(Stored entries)
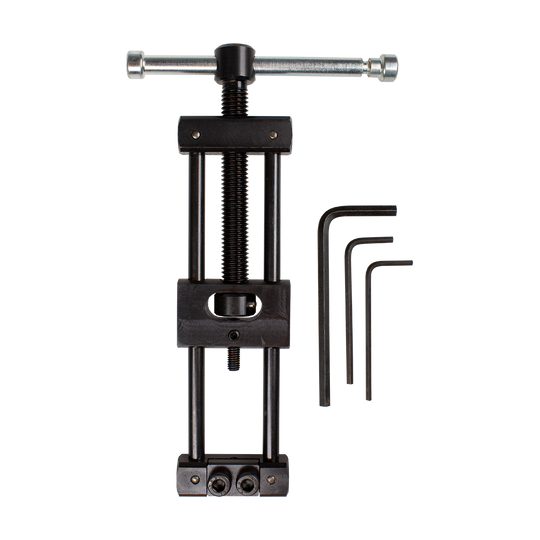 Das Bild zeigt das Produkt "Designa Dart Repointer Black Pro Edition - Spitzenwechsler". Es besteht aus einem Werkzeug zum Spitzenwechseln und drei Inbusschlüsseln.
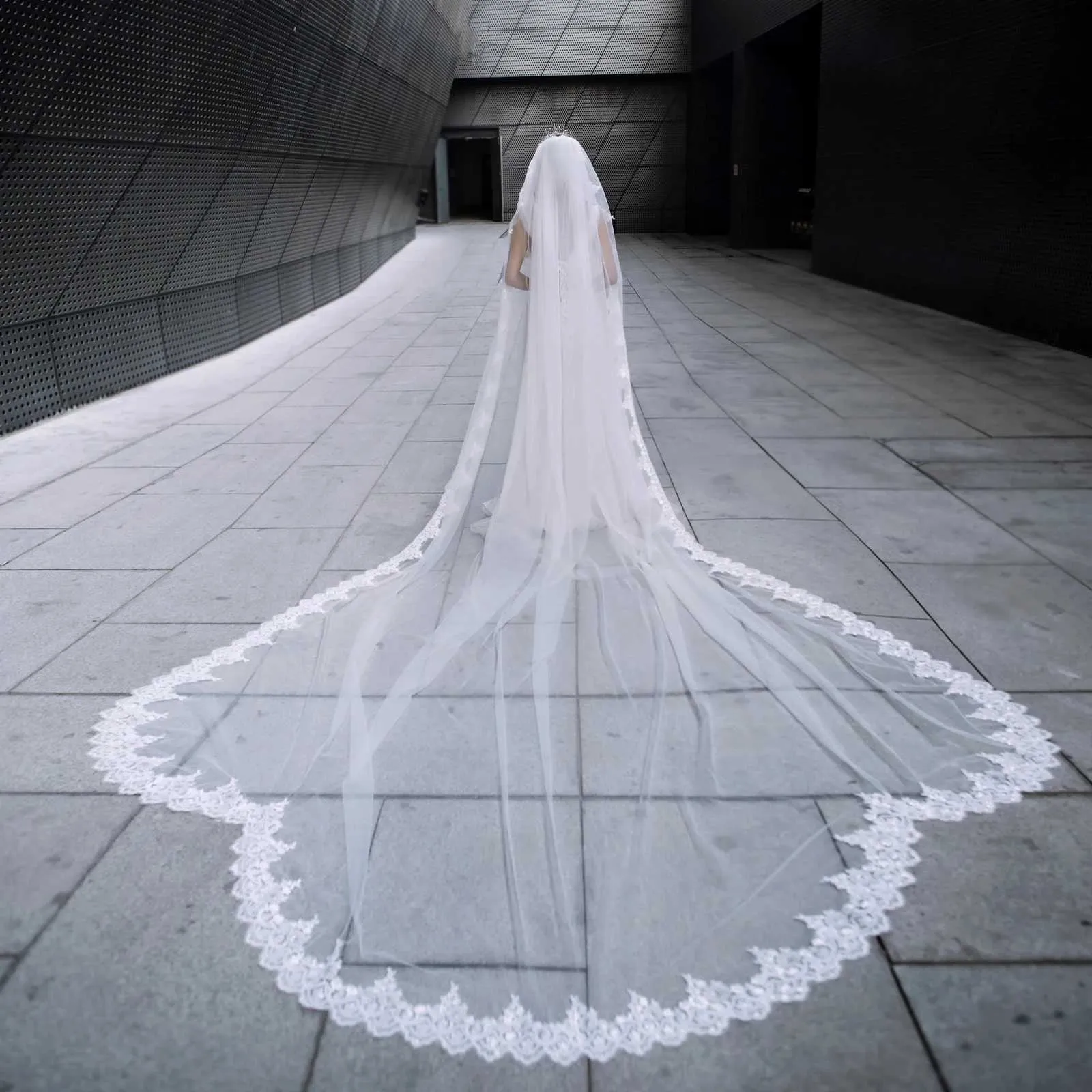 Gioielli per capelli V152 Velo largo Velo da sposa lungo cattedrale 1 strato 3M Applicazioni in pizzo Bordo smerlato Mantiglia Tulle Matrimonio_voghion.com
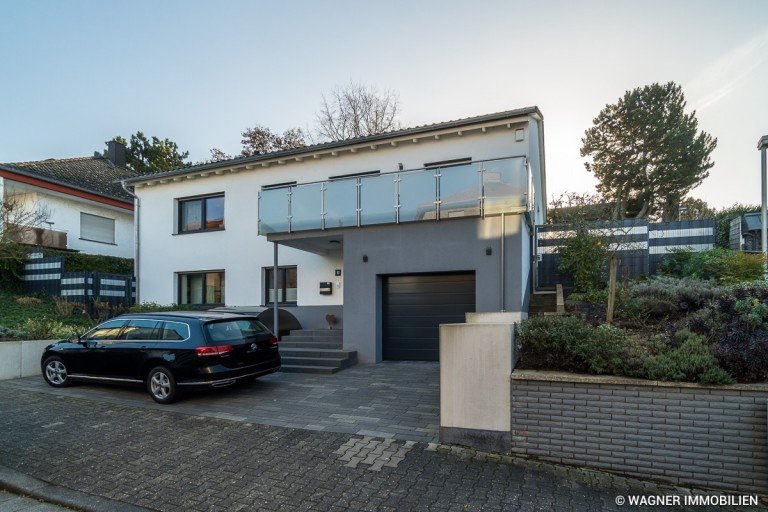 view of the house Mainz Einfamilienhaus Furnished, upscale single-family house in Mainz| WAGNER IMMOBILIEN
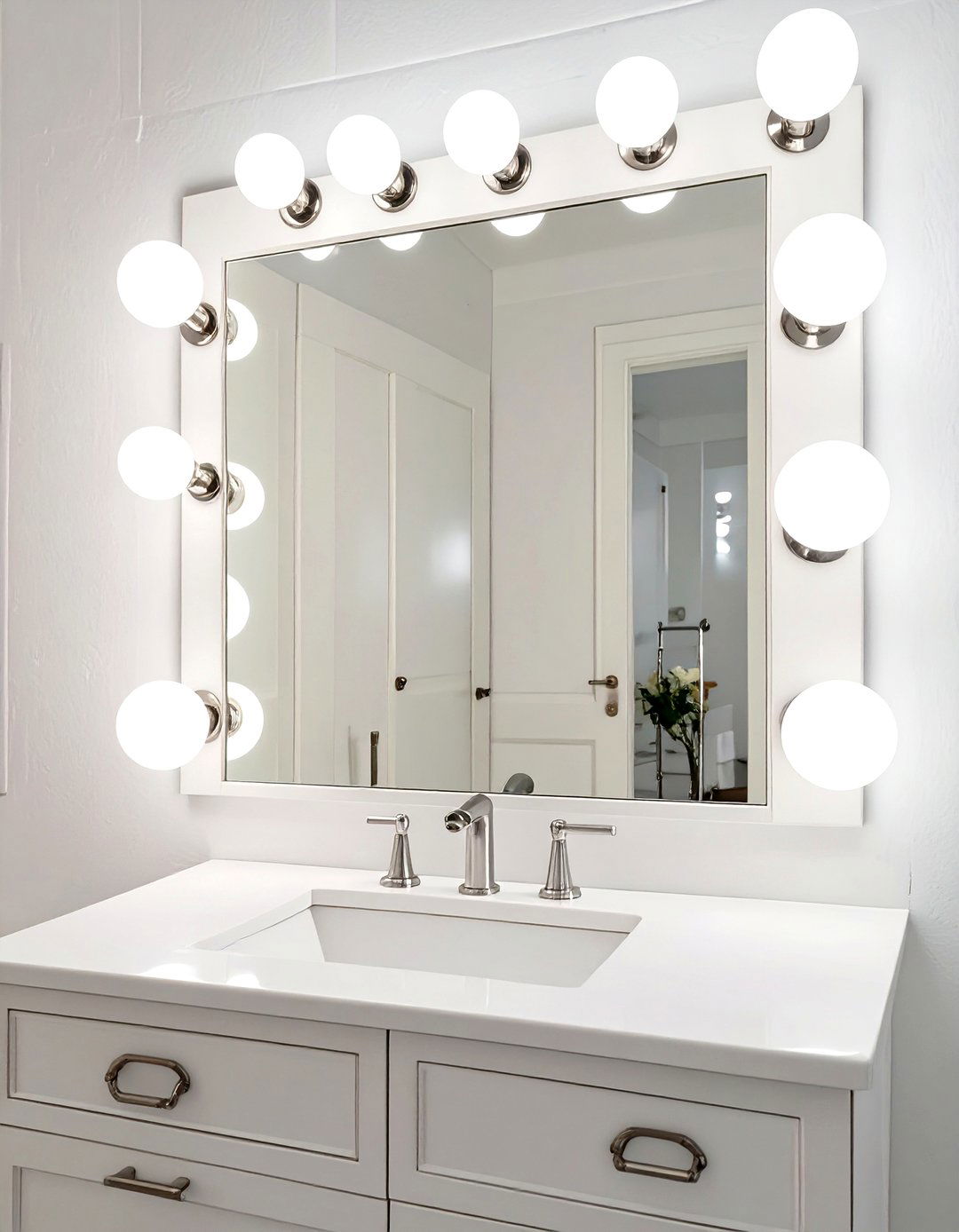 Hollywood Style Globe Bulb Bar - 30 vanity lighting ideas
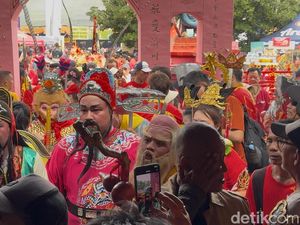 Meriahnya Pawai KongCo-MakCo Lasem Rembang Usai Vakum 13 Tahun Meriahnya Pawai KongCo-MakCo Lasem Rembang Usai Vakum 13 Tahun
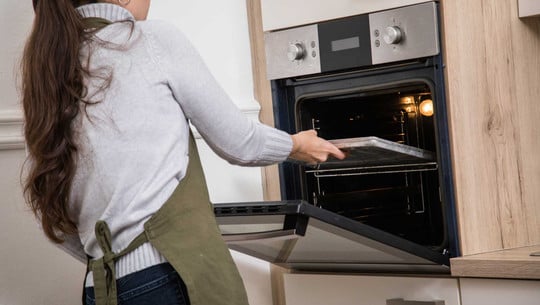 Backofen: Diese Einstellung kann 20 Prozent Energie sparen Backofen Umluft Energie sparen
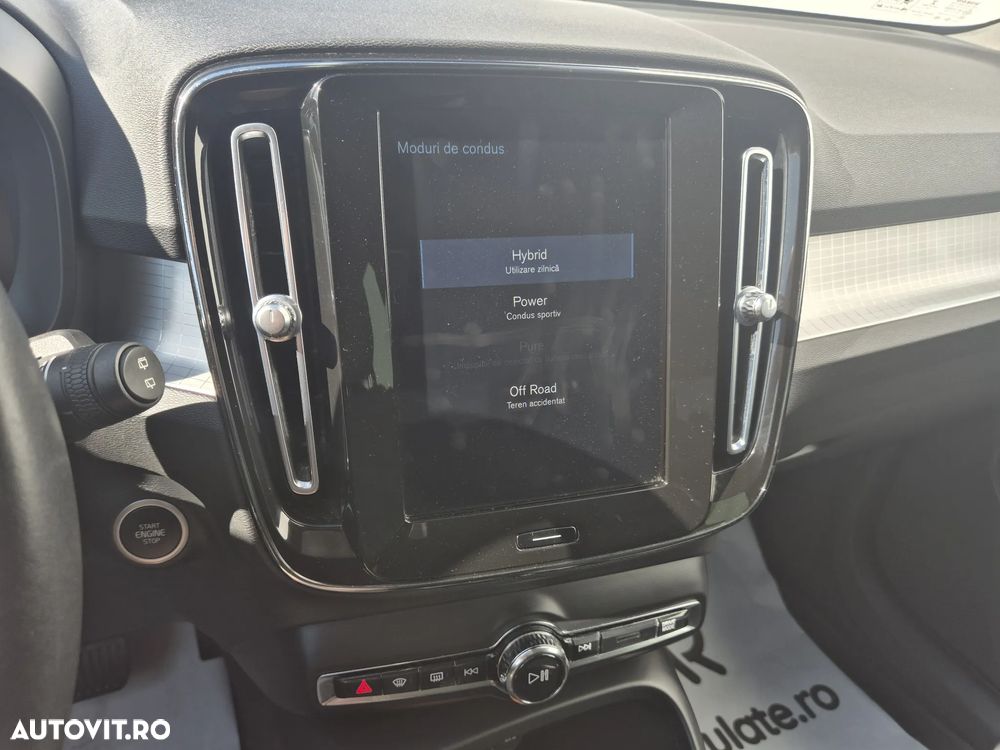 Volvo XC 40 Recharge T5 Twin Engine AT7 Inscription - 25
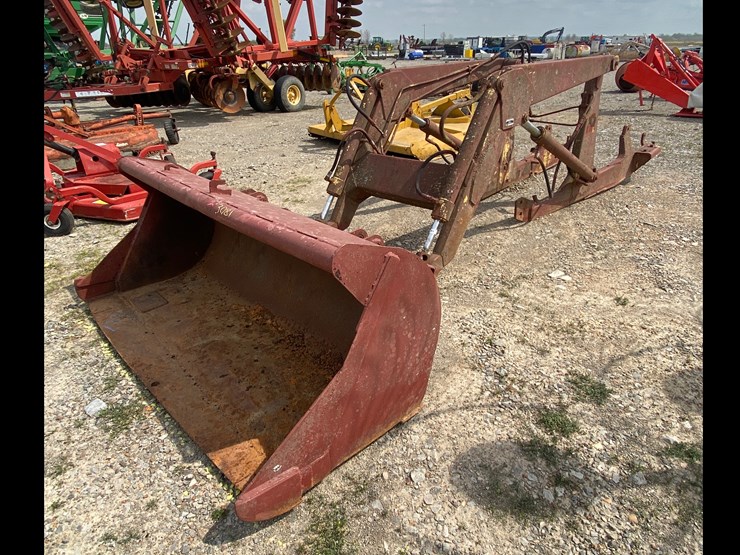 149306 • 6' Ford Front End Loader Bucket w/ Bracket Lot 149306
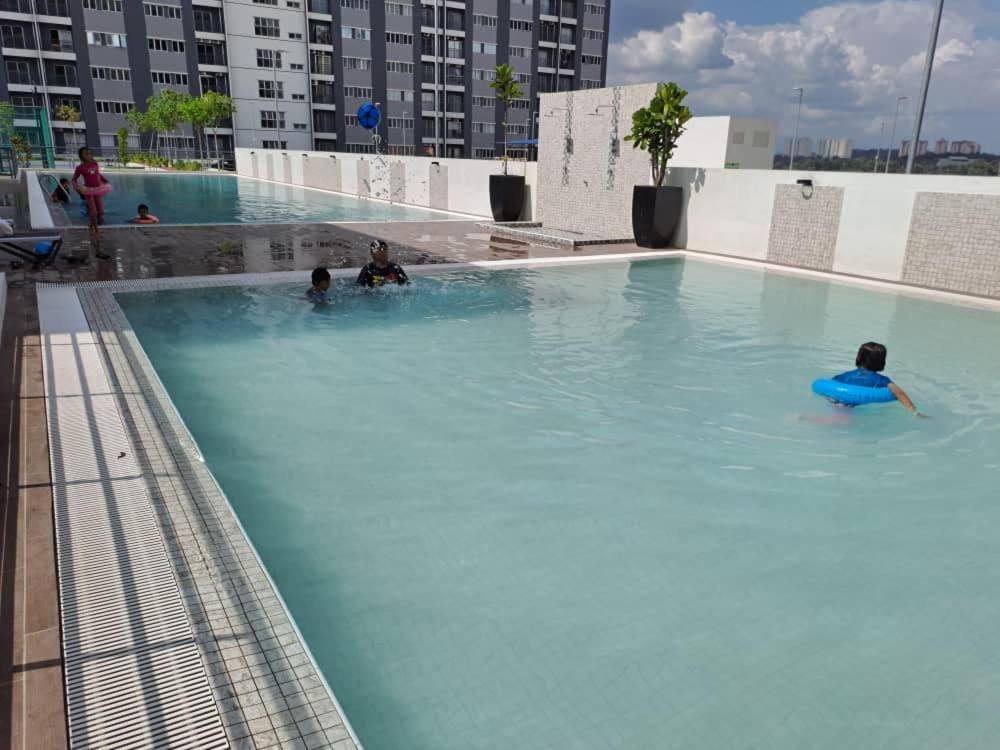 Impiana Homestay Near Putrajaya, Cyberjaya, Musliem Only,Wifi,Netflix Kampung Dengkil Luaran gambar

* _Task to complete_: What is needed is an exact restatement of every line from the line containing "Backofen: Diese Einstellung" through the last line of the records, minus any pictures.

* _Written answer_:
 Backofen: Diese Einstellung kann 20 Prozent Energie sparen Backofen Umluft Energie sparen
 Volvo XC 40 Recharge T5 Twin Engine AT7 Inscription - 25
 149306 • 6' Ford Front End Loader Bucket w/ Bracket Lot 149306
 Impiana Homestay Near Putrajaya, Cyberjaya, Musliem Only,Wifi,Netflix Kampung Dengkil Luaran gambar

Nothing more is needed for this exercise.